Despite early problems, Surface product line has become a remarkable success with +1B dollar revenue per quarter. Surface Pro 3 was the turning point — much thinner and lighter design (800g, 9.1mm), bigger screen and plenty of computing power. It finally wasn’t positioned as iPad Air competitor. Not long after SP3 premiere, we get Intel x86 powered Surface 3. Entry level Surface tablet for non-pro users. Direct successor of ARM-based Surface RT and Surface 2. Having iPad Air on the market, people have been expecting thin, light and easy to maintain S3.

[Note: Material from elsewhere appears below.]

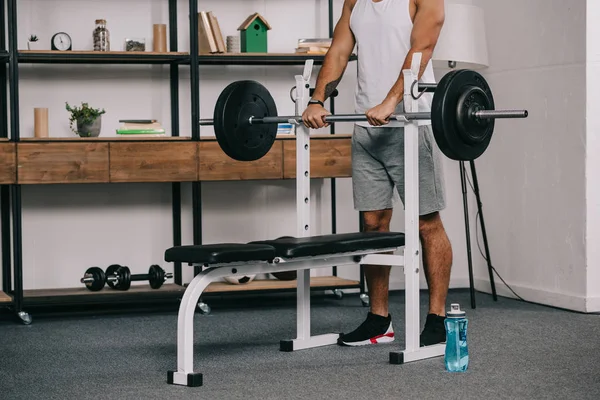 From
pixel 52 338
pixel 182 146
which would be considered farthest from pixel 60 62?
pixel 52 338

The reality was different however. Surface 3 weighted at 622g with 9 mm of thickness. That’s a lot for a consumer grade tablet in 2015. And it was not the only problem. The biggest issue with Surface 3 was little differentiation comparing to Surface Pro 3. It was neither thinner nor much lighter — just a less powerful and slightly smaller variant of SP3. And yes, cheaper. But still laptop-first. So what’s the advantage of Surface 3 over SP3 or SP4? Price. That’s it. Nothing more. Competing on price is not what Surface line is about. And it’s one of the reasons why S3 failed to gain mindshare or reach expected sales level.

How to fix it?

Let’s fix Surface 3 and think about ultimate Surface 4 design:

  • Make it thinner and lighter. That one is obvious. If Samsung manages to fit Core M processor in 6.9mm body, fitting an Atom chip in thinner chassis (thinner than 9mm) is a must. Apollo Lake chips based on Skylake architecture are more power-efficient and it should let use smaller batteries —trimming some weight. USB-C will of course help with that.
  • Make it tablet-first. Surface 4 shouldn’t be just a smaller Surface Pro 4. It must focus on tablet/touch use. Forget the desktop and Win32 apps. With preloaded Universal Windows Platform apps, S4 could be a very capable tablet that in some scenarios is transformed to a laptop with additional accessories (keyboard, pen).
  • Make it mobile (LTE). Variant with modem should be a first choice, not an addition available in selected markets. In a connected world, Microsoft can’t force user to rely only on WiFi/MiFi solutions. Modem is the most elegant and convenient solution. And soon it will be a standard.
  • Make it connected. Intel chips for years have had problems with connected standby and booting times. True mobile device should be ready to work in fractions of second, not in tens of seconds. Connected all the time for notifications and alarms. Old x86 paradigm of booting a device from a cold start is just unacceptable in 2016. It has to just work. All the time.
  • Make the silo for the stylus. I agree that Surface Pro or Surface Book need full sized pen for comfortable use. But for a mobile-first device that is meant to use primarily without the keyboard, safe storage for a stylus inside the device would be very nice and it would definitely increase the pen usage for simple interactions with OS or quick handwritten notes. For now, majority of Surface users leaves the pen at the bag or at home.

Bonus:

  • Make it ARM (again). And let Win32 die on mobile devices with Windows. It won’t gonna happen for many reasons, but it’s the only sensible way to go.